KDD vs Data Mining.

Hello Friends, In this blog post(KDD vs Data Mining) we are going to discuss the difference between KDD and Data mining.

The full form of KDD is knowledge discovery in the database.|KDD vs Data Mining|

Knowledge discovery in database (KDD) was formalized in 1989.|KDD vs Data Mining|

Concerning the general concept of being broad and high level in the pursuit of seeking knowledge from data.|KDD vs Data Mining|

The term data mining was then coined; this high-level application approach is employed to present and analyze data for decision-makers.|KDD vs Data Mining|

Data mining is among such important steps involved in the knowledge discovery process that encompasses data selection, data cleaning, and preprocessing,…

… data transformation and reduction, data algorithm choice, and finally post-processing and the interpretation of the discovered knowledge.

The KDD process tends to be highly iterative and interactive.

Data mining analysis tends to work from the data and the best techniques are developed with an orientation toward large volumes of data…

…, making use of as much data as possible to arrive at reliable conclusions and decisions.

The analysis process starts with a set of data and uses a methodology to develop…

…an optimal representation of the structure of data, during which knowledge is acquired.

Once knowledge is acquired, this can extend to large sets of data on the…

… the assumption that the large data set has a structure similar to the simple data set.

Fayyad et al distinguish between KDD and data mining by giving the following definition.

knowledge discovery in the database in the process of identifying a valid potentially…

…useful and ultimately understandable structure in data.

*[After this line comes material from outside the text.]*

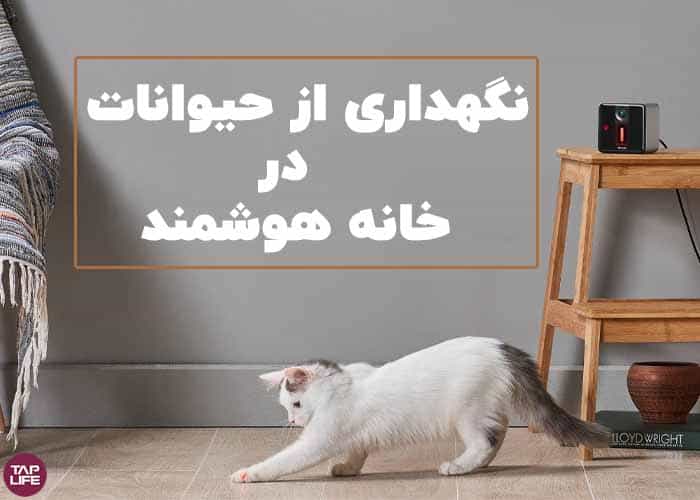 هوشمند سازی خانه چه مزایایی برای حیوانات خانگی دارد هوشمند سازی خانه چه مزایایی برای حیوانات خانگی دارد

This process involves selecting or sampling data from a data warehouse, and selecting or preprocessing it,…

… transforming or reducing it, applying a data mining component to produce a structure, and then evaluating the derived structure.

Data mining is a step in the KDD process related to the algorithmic means by which patterns or…

…structures are counted from the data under acceptable computational efficiency limitations.

Thus, the formats that are the outcome of the data mining process…

…must meet certain conditions so that these can be considered knowledge.

These conditions are validity understandability, utility, novelty, and interestingness.

You can also go through the below blog link related to DBMS data mining:

Temporal Association Rules…
Application Areas Of Data Mining…
Issues And Challenges In Data Mining…
What are the stages of KDD in data mining…
KDD vs Data Mining…
What Is Normalization In Dbms In Hindi…
Code Injection vs Command Injection In Hindi…
Data Mining Application In Hindi…
Data Mining Techniques In Hindi…
Data Mining Process In Hindi…
What Is Data Mining In Hindi…

Quick Q&A:

Is data mining also known as KDD?

Yes, Data mining is also referred to as KDD(knowledge discovery from data).

This is an automated or convenient process of extracting knowledge patterns.

And these patterns are implicitly stored or kept in the large database,…

…the web, data warehouses, and other massive information repositories.

What are the 4 stages of data mining?

The four stages of data mining are given below:

(1) data acquisition
(2) data cleaning, preparation, and transformation
(3) data analysis, modeling, classification, and forecasting
(4) reports.

What are the data mining techniques?

The data mining techniques are given below:

Classification.
Clustering.
Association Rule Learning.
Regression.
Anomaly Detection.
Sequential Pattern Mining.
Artificial Neural Network Classifier.
Outlier Analysis.

What are 3 data mining techniques?

See, there are various data mining techniques.

But a few important or prevalent ones are given below:

clustering,
data cleaning,
association,
data warehousing,
machine learning,
data visualization,
classification,
neural networks,
prediction.

What are the 6 processes of data mining?

The six processes of data mining are given below:

business understanding,
data understanding,
data preparation,
modeling,
evaluation,
deployment.

What is OLAP in data mining?

OLAP stands for online analytical processing.

This software is used to perform multidimensional analysis at high speed on a large set of data.

This large set of data could be from the data warehouse, data mart, or other unified and centralized data stores.

What is the difference between OLAP and OLTP?

The OLAP and OLTP are two different data processing systems.

And they both are designed to serve different purposes.

On the one hand, OLAP is used for complex data analysis and reporting.

On the other hand, OLTP is used for transactional processing and real-time updates.

What is ETL in data mining?

ETL stands for extract, transform, and load.

Using this process data from multiple sources are combined into a large, central repository called a data warehouse.

A few sets of business rules are used by ETL to clean and organize raw data.

Thus this process prepares the data for storage, data analytics, and machine learning.

In the case of any queries, you can write to us at support@a5theory.com we will get back to you ASAP.

Hope! you would have enjoyed this post(KDD vs Data Mining).

Please feel free to give your important feedback in the comment section below.|KDD vs Data Mining|

Have a great time!

Anurag

I am a blogger by passion, a software engineer by profession, a singer by consideration and rest of things that I do is for my destination.